Image-text web data:
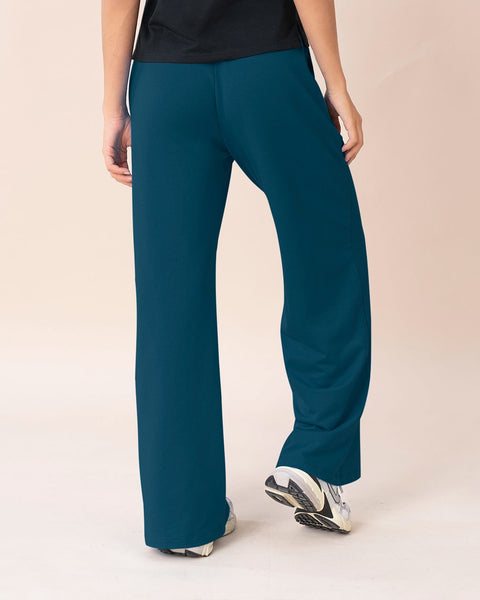 Pantalón tipo jogger con bota ancha#color_540-azul-navy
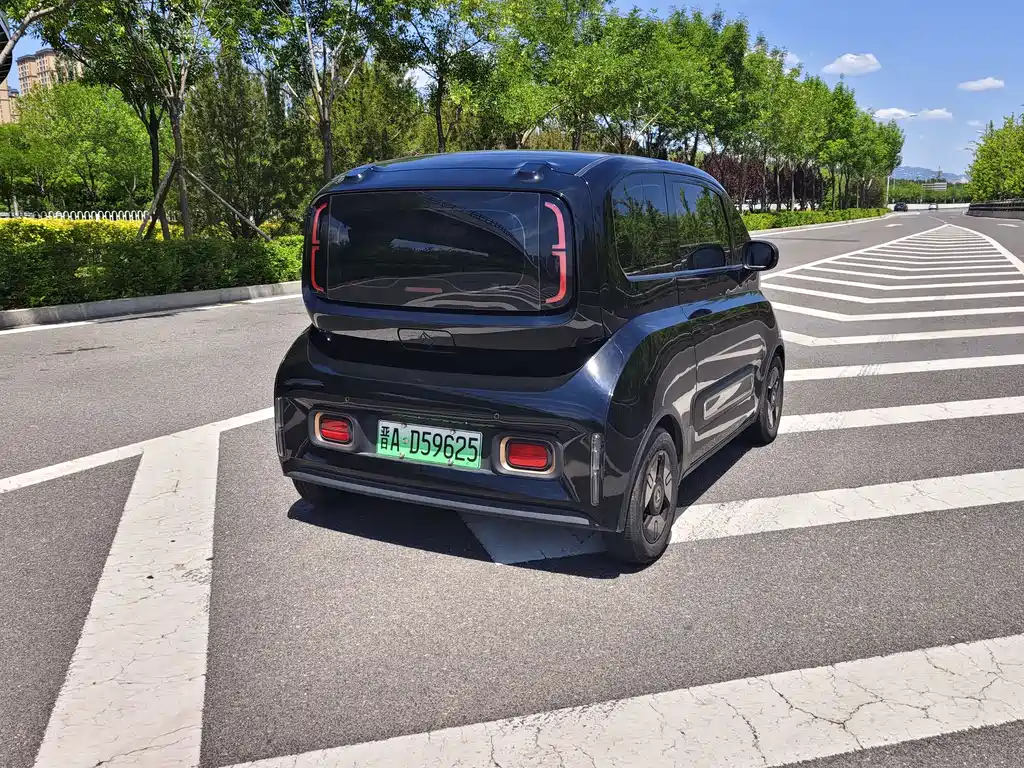 Baojun KiWi EV 2021 — фото 11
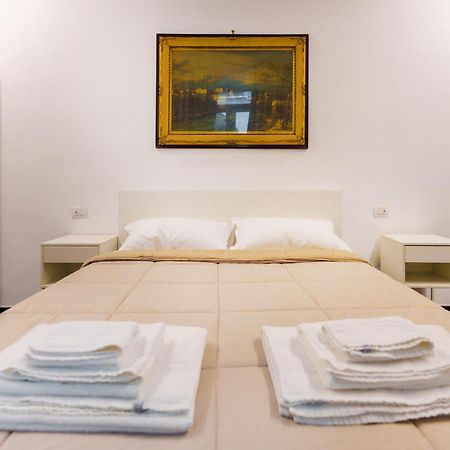 Casa Sasu - Design Modern Apartment เนเปิลส์ ภายนอก รูปภาพ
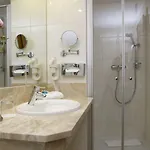 König Hotel 4*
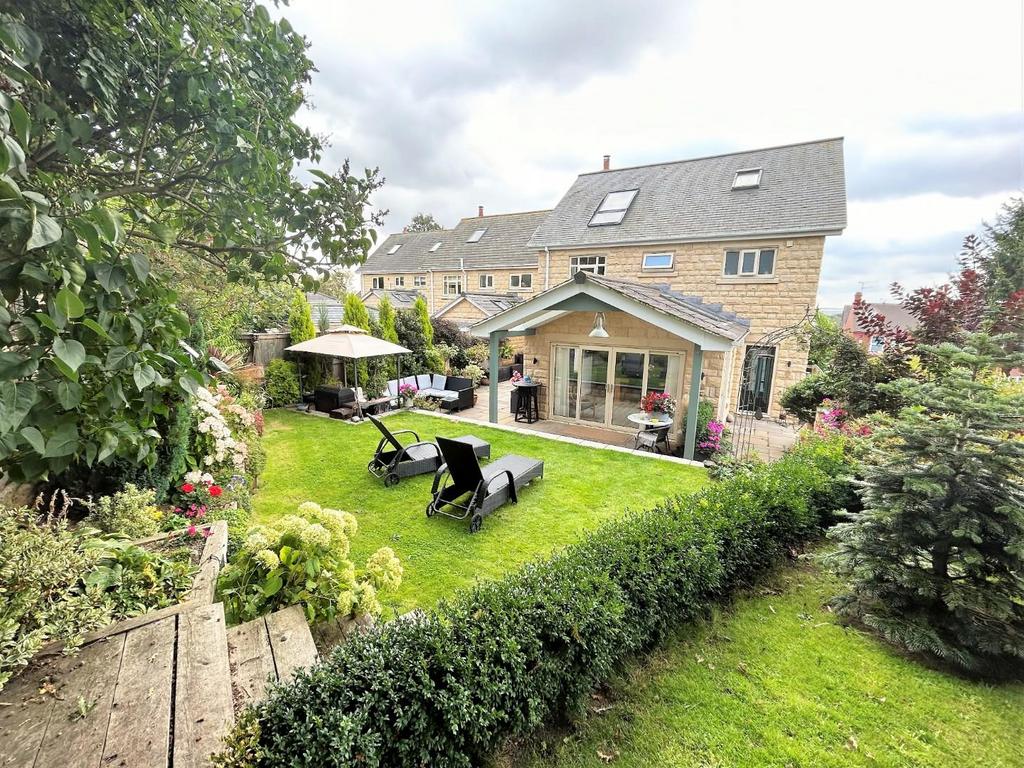 Laburnum Drive, BoltonUponDearne, Rotherham 5 bed detached house for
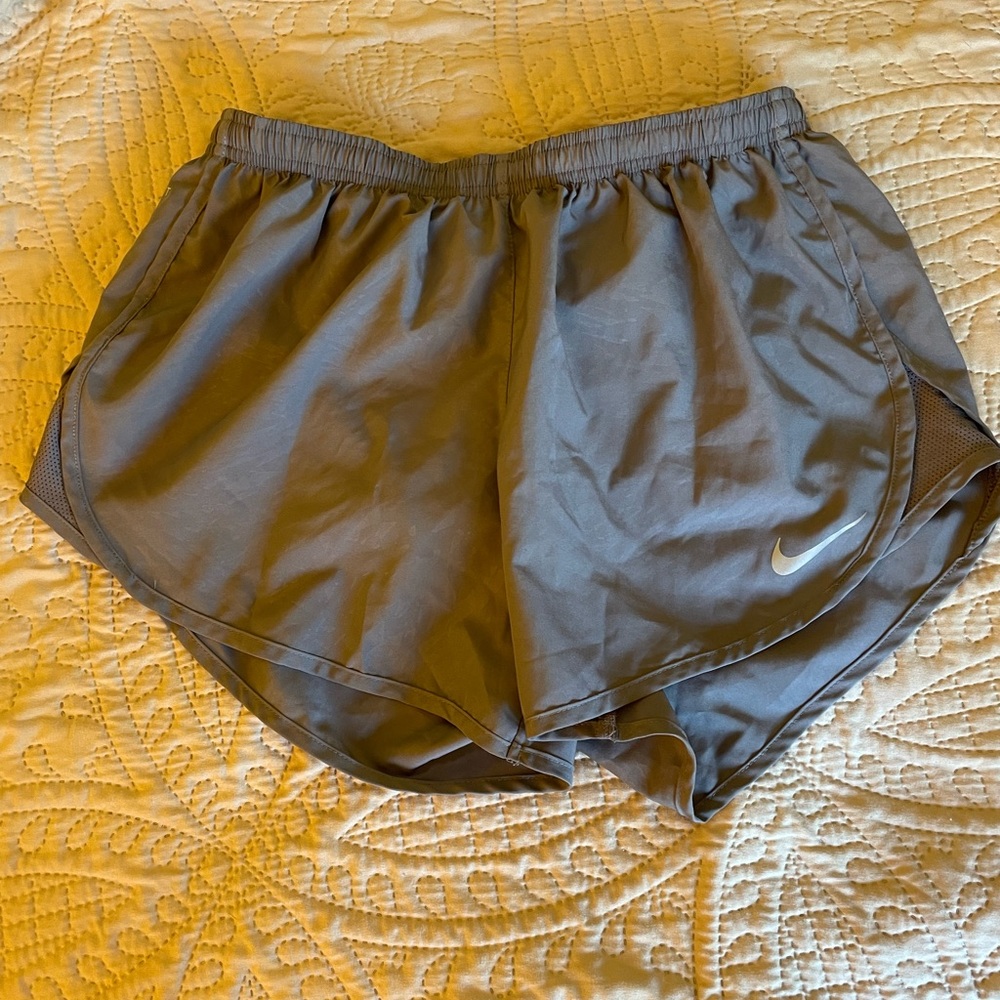 Nike Women’s Size Medium Tempo Run Shorts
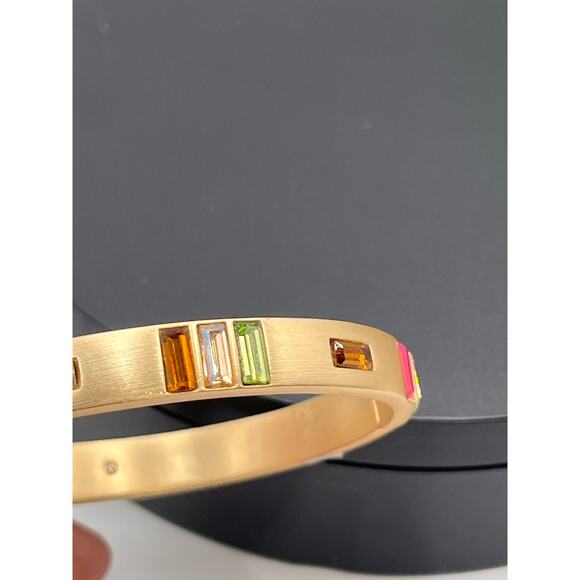 Chico’s Brushed Gold Tone‎ Multicolor Rhinestone Hinged Bangle  Bracelet New - Picture 11 of 12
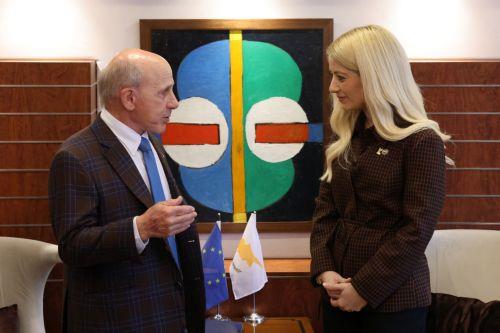 House President discusses strengthening of bilateral relations with US Ambassador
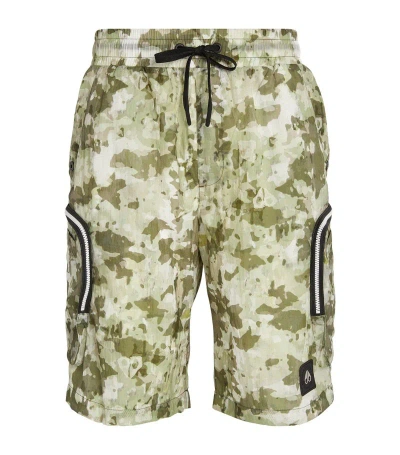 Moose Knuckles Cargo Shorts In Green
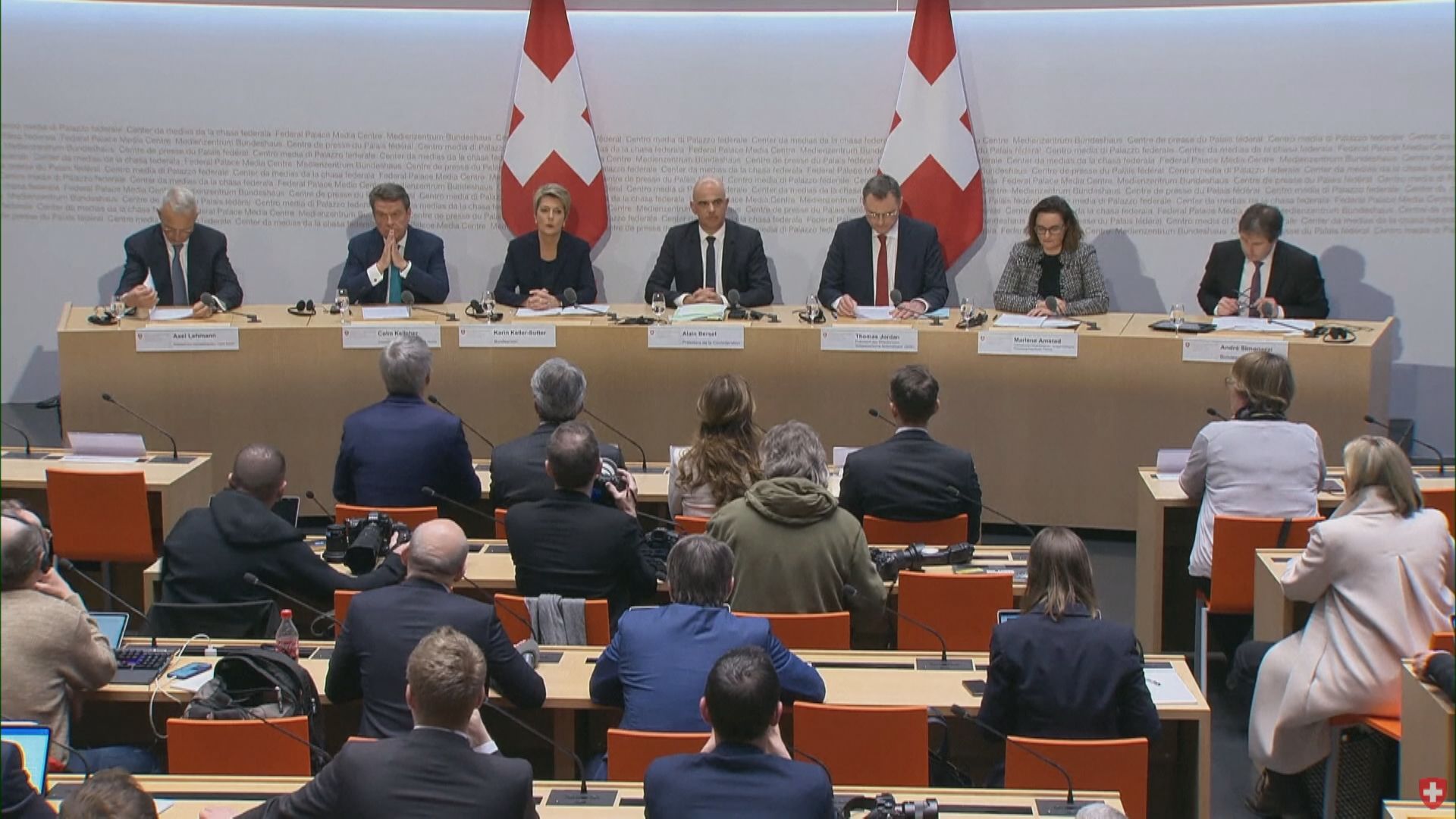 【UBS收購CS】瑞銀30億瑞郎買起瑞信 債券全變廢紙 照派花紅加薪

**What you need to do**: Leave out every picture and copy verbatim the lines running from the line containing "House President discusses" through the final line of the data.

**Reply**:
 House President discusses strengthening of bilateral relations with US Ambassador
 Moose Knuckles Cargo Shorts In Green
 【UBS收購CS】瑞銀30億瑞郎買起瑞信 債券全變廢紙 照派花紅加薪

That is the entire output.